Building our nation with body bags
Penticton Herald
April 16, 2007
Opinion -- By: Linda McQuaig
EXCERPT

The old refrain "War, what is it good for?" raised a valid question. But it's a question that doesn't much trouble the Harper crowd.

Prime Minister Stephen Harper's government -- and the military lobby with which it is closely associated -- isn't squeamish about war.
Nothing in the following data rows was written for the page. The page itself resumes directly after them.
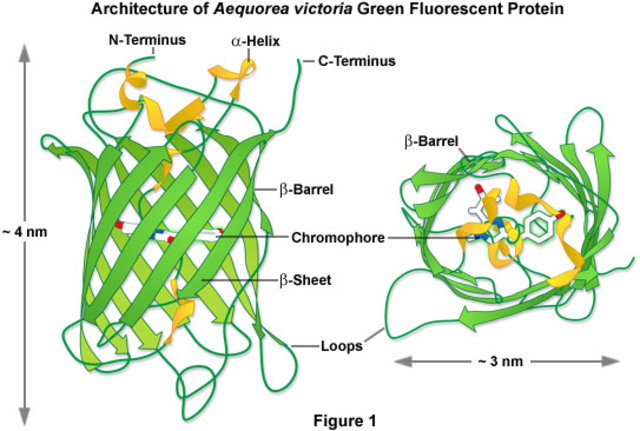 DISCOVERY OF FLUORESCENT PROTEIN IN JELLYFISH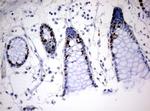 Ki67 Antibody in Immunohistochemistry (Paraffin) (IHC (P))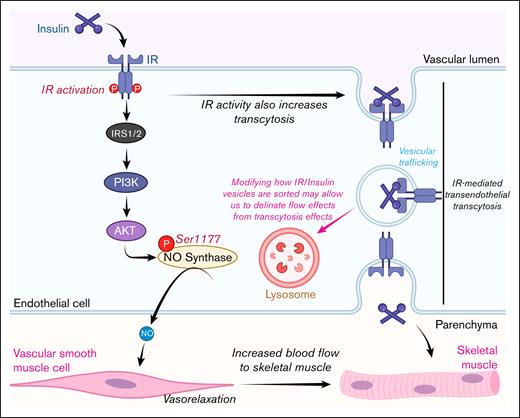 Schematic of how targeting intercellular sorting could validate the endothelial IR transcytosis hypothesis. AKT, protein kinase B; PI3K, phosphatidylinositol 3-kinase. Figure created with biorender.com. Rajala R. (2025) https://biorender.com/.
It promotes war as the stuff of nation-building....

The notion of war as nation-builder is being used as a convenient substitute for the other sort of nation-building, the kind that involves creating strong public programs, institutions and facilities that provide real benefit to citizens, rather than just giving our young people the experience of killing others or being killed or maimed themselves.

The same crowd that loves to wallow in the glories of war loves to cut off funding for this other sort of nation-building.
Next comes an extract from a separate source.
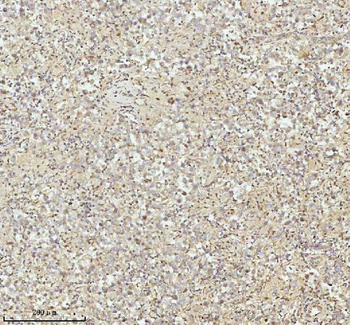 NDUFA9 Rabbit Polyclonal Antibody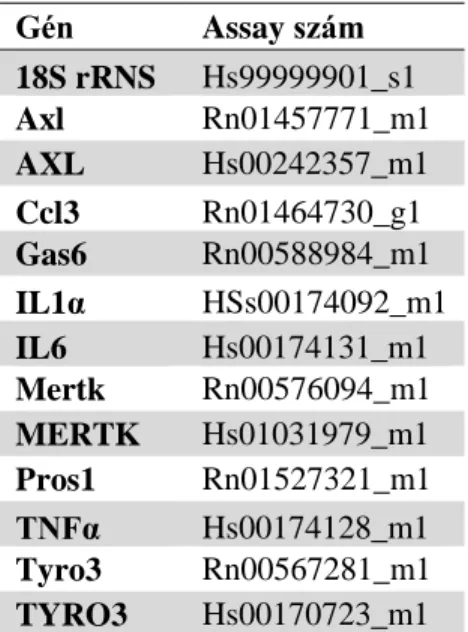 5. táblázat: TaqMan alapú QPCR során használt assay-k (Rn = Rattus norvegicus - patkány;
Even as the Harper government has dramatically increased military spending, it has eliminated the national child-care program that was finally put in place, and it has allowed private, for-profit medicine to push ever deeper into Canada, undermining the strength and viability of our public health-care system.

The significance of Vimy is said to be that Canadians fought together as a coherent unit, rather than merely as part of the British army.

But bringing Canadians together as a coherent unit to fight poverty and homelessness, to build a stronger public health-care or child-care system, or for that matter, to devise a national energy strategy or a real plan for participating in the worldwide battle against global warming -- there's little interest in that sort of nation-building.

It seems that under Harper, we'll do our nation-building with body bags.